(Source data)
******

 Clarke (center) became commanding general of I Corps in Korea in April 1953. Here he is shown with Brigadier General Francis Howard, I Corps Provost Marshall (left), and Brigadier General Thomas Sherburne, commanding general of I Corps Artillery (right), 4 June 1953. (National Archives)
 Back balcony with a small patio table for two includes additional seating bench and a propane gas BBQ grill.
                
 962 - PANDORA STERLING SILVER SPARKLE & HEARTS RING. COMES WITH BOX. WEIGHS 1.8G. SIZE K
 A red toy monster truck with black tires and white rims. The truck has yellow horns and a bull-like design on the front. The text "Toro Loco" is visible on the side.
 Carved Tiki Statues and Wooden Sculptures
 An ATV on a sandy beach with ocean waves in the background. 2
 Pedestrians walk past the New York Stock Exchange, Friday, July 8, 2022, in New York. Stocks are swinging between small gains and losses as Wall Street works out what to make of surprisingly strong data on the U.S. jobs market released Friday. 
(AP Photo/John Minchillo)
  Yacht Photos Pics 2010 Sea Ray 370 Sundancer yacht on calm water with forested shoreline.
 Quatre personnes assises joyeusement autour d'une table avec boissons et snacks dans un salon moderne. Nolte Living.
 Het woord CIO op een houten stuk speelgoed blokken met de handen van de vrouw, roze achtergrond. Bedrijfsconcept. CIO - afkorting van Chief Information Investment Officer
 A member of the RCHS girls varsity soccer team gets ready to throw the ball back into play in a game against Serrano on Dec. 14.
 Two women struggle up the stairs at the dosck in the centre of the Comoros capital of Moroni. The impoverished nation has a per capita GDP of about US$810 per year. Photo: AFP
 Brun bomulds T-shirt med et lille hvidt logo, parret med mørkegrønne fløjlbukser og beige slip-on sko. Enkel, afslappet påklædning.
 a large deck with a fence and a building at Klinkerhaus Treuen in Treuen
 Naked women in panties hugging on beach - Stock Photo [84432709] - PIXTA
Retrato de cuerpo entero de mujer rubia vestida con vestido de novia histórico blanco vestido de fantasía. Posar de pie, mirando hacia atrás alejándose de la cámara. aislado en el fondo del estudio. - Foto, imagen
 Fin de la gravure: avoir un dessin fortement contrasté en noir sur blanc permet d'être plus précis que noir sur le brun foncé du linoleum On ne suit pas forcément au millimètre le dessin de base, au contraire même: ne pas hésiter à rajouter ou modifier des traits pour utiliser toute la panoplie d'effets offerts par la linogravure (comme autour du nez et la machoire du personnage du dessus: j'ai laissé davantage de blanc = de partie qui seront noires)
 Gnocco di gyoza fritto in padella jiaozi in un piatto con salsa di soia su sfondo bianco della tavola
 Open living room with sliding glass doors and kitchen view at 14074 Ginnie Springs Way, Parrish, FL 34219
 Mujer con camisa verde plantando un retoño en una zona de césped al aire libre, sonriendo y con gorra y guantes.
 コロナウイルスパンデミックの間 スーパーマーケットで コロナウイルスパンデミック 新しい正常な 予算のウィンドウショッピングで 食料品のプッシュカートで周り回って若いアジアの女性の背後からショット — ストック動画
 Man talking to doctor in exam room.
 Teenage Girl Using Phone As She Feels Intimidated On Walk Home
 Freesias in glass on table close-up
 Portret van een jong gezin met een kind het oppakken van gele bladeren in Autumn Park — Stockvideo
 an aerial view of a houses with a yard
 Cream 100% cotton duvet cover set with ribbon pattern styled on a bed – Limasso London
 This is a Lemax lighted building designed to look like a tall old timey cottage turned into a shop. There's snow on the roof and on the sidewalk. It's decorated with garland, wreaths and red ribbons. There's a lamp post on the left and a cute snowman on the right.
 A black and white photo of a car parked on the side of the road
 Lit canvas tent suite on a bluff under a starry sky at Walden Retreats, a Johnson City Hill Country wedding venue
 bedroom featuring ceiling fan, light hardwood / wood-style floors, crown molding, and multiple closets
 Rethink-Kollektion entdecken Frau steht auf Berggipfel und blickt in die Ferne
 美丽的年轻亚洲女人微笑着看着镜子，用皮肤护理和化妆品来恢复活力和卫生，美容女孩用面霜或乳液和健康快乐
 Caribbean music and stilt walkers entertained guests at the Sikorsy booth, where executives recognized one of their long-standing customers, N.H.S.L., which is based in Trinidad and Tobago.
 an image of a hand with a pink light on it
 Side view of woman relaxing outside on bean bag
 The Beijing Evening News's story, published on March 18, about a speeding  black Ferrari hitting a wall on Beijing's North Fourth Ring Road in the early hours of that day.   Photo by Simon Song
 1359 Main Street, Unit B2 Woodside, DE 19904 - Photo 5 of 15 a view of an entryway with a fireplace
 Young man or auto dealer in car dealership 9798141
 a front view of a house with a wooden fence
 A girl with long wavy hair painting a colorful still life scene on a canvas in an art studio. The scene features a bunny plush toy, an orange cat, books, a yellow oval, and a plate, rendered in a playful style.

******

▶ [Problem to work on]
Search the records for the string "building", and copy every line that holds it.

▶ [Task answer]
 a large deck with a fence and a building at Klinkerhaus Treuen in Treuen
 This is a Lemax lighted building designed to look like a tall old timey cottage turned into a shop. There's snow on the roof and on the sidewalk. It's decorated with garland, wreaths and red ribbons. There's a lamp post on the left and a cute snowman on the right.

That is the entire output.